Effects: The egg masses are extremely itchy. Horses with pinworm infections will sometimes rub their tails until all the hair is pulled off. Adult pinworms (about 1-3/4 inches long) may be seen around the anal area, along with a clear discharge (the egg masses).
Control: It is important to use disposable wipes or paper towels for cleansing the area under the tail, rather than reusable sponges or rags, to avoid spreading the eggs and infection. Wormers containing Ivermectin, fenbendazole, pyrantel pamoate, piperazine, moxidectin, and praziquantel can help control pinworms.
Stomach Worms (Habronema muscae, Habronema microstoma, Draschia megastoma, Trichostrongylus axei)

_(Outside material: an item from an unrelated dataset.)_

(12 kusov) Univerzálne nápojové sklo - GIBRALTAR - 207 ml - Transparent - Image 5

Life Cycle: Stomach worms are transmitted to horses by flies, which transfer the stomach worm larvae when they land on the horse’s legs or muzzle or eyes, and the larvae are licked off and ingested.

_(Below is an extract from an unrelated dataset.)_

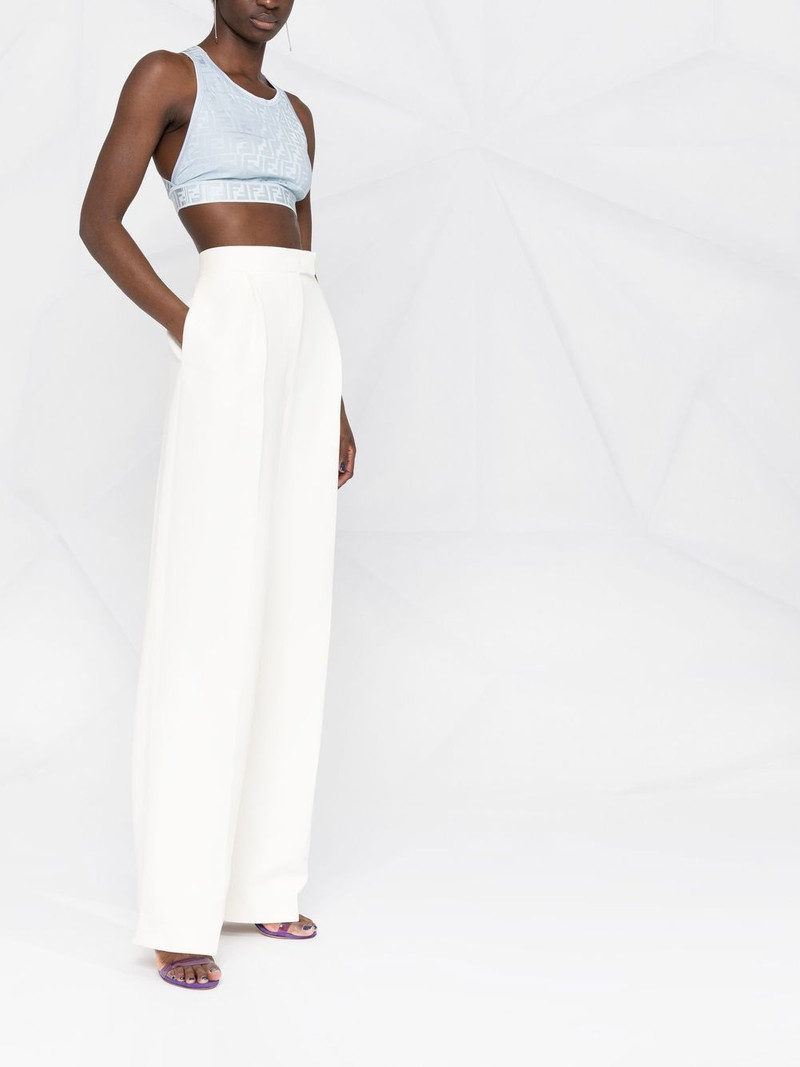 straight-leg high-waisted trousers 6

Effects: There are several types of stomach worms and usually they don’t cause much more of a problem than mild diarrhea. However, if the stomach worm larvae get into open sores on the horse’s skin, or into the moist areas around the eyes, they can cause a serious skin condition called “summer sores” or “swamp cancer”. The body responds to the irritating presence of the stomach worm larvae by forming a lesion called a granuloma, a raised sore that doesn’t heal. A granuloma is very itchy and the horse will rub and scratch at the sore, sometimes causing severe trauma to the area.
Control: Frequent deworming is important. Use an Ivermectin-based wormer for broad-spectrum control.
Hair Worms (Trichostrongylus axei, Stomach Hair Worms)
Life Cycle: Actually a type of stomach worm, the larvae are ingested with infected plant material while the horse is grazing. They develop in the stomach into egg-laying adults. The eggs are passed out into the environment with the manure and develop into infective larvae.
Effects: Hair worms in small numbers usually do not cause the horse any medical problems, but a heavy worm burden can lead to watery diarrhea and severe weight loss.
Control: Similar to other stomach worms, frequent deworming is important. Use an Ivermectin-based wormer for broad-spectrum control.
Threadworms (Strongyloides, Strongyloides westerii)
Life Cycle: Mostly a concern in foals, larvae are ingested in the mare’s milk or by threadworm larvae present in the bedding, which can penetrate the foal’s skin. The larvae migrate through the lungs and small intestine. The life cycle takes only about 2 weeks.
Effects: The main concern from threadworms is diarrhea.
Control: An Ivermectin-based wormer suitable for foals helps control threadworms. Generally, foals
become immune to threadworms by the time they are about 3 months old.
Bots (botfly larvae, Gasterophilus nasalis, Gasterophilus intestinalis)
Life Cycle: Adult bot flies deposit their eggs on horses’ forelegs and shoulders, or around the jaws and lips. When the larvae hatch, they move into the mouth where they burrow into the tissues of the gums and the tongue to develop further. Eventually, they move into the tissues of the stomach and intestines, where they live for up to 12 months before passing out of the horse in the manure and developing into adult bot flies in the soil. However, cold weather kills bot flies.
Effects: Although bots can cause damage to the tissue of the horse’s mouth and intestinal tract, most horses do not show signs of serious diseases from bots. However, very large numbers of bots have been associated with gastric ulcers.
Control: Use an Ivermectin-based wormer for broad-spectrum control.
Filarial parasites (Onchocerca cervicalis, neck threadworm microfilariae)
Life Cycle: The adult worms of this parasite live in the nuchal ligament, a very thick, elastic ligament that runs along the horse’s neck between the withers and the poll. Larvae from these adults migrate to the skin. The larvae are eventually ingested by insects, especially the Culicoides gnat.
Effects: Larvae burrowed into the skin can cause inflammation so intense that some horses will scratch and roll until the skin is red and the hair is rubbed off. Usually the irritation is in the skin of the forelegs, chest, eyelids, and withers, and along the middle of the belly.
Control: Use an Ivermectin-based wormer for broad-spectrum control.